MCQ on Linear Algebra. A is a $5\times5$ matrix with real entries and x is a $5\times1$ vector. What is correct about the set $\{Ax,A^2x..A^5x\}$?

Question

The options given are :

a. Linear dependence/ independence cannot be determined without knowing the whole matrix A.

b. The vectors are linearly dependent

c. The vectors are linearly independent iff A is symmetric

d. The vectors are linearly independent iff A is PD (Positive Definite)

e. The vectors are linearly independent

For background, I tried to apply the principle of Krylov subspaces here and ended up with a solution that the vectors are almost always linearly independent, albeit with some exceptions. Some exceptions among diagonalizable matrices occur when A has an eigenvalue of 0,1, or a root of unity and x is an associated eigenvector.

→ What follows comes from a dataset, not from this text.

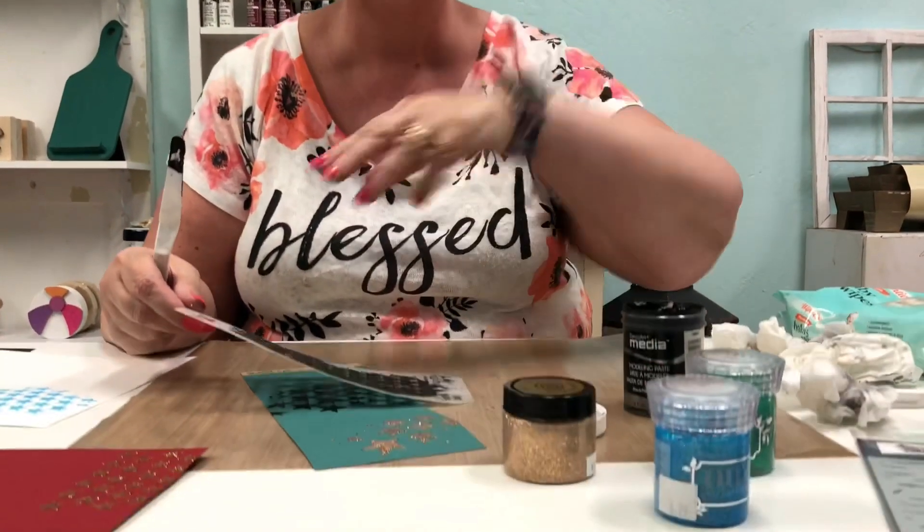So that is one way that you can use stencil paste, modeling creams, or glitter paste to decorate your pages. Thank you for watching.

So I am now confused as to which option to select. Any help appreciated.

Answer 1

Item $(e)$ is false by taking $x=0$. This would make $\{Ax,\ldots ,A^5x\}=\{0\}$ which is clearly linearly dependent. To see why items $(b)-(d)$ fail, take $x=e_1$, and consider the $5\times 5$ matrix $A$ defined by $$A=\begin{pmatrix}0&0&0&0&-1\\ 1&0&0&0&0\\ 0&1&0&0&0\\ 0&0&1&0&0\\ 0&0&0&1&0\end{pmatrix}$$ It is easily verified that $\{Ax,A^2x,\ldots,A^5x\}$ is linearly independent. However, $A$ is not symmetric nor positive definite as $A$ has an eigenvalue of $-1$.

Answer 2

The statement that is the least false is a.

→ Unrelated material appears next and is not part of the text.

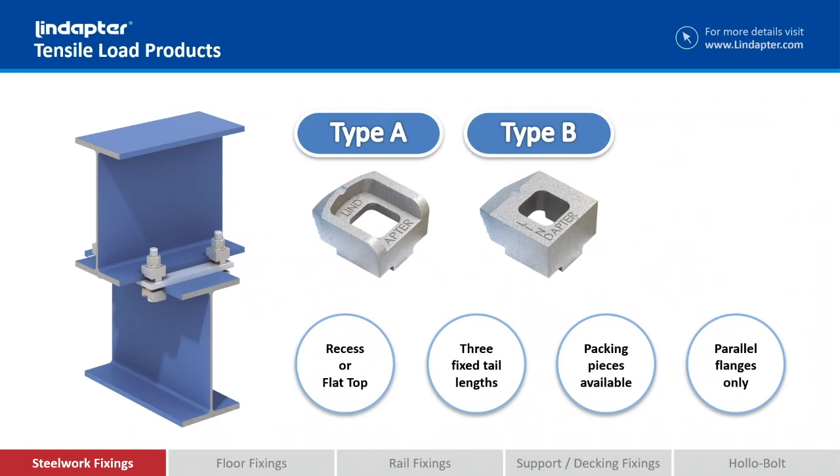Now if you look at the back of the Type A and the Type B, you'll see a little step or a little tail. These are manufactured in three different tail lengths. The length of the tail has to roughly match the flange thickness that you're clamping onto. If we can't get it exact, there are packing pieces available to expand that range, so we can cover a wide range of flange thicknesses with just that one product and a range of packing pieces.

A matrix $A$ will be such that there exists an $x$ for which $\{Ax,\dots,A^5 x\}$ is linearly independent if and only if $A$ is invertible and non-derogatory. For such a matrix $A$, a vector $x$ will have this property if and only if it is an "$A$-cyclic vector", i.e. if the set $\{x,Ax,A^2x,\dots\}$ spans $\Bbb R^5$.

Statement b is false because the vectors are independent, for instance, when $A$ an invertible diagonal matrix and $x = (1,\dots,1)^T$. Statement c is false: the vectors are not independent if $A$ is the identity matrix. Statements d and e are false for the same reason.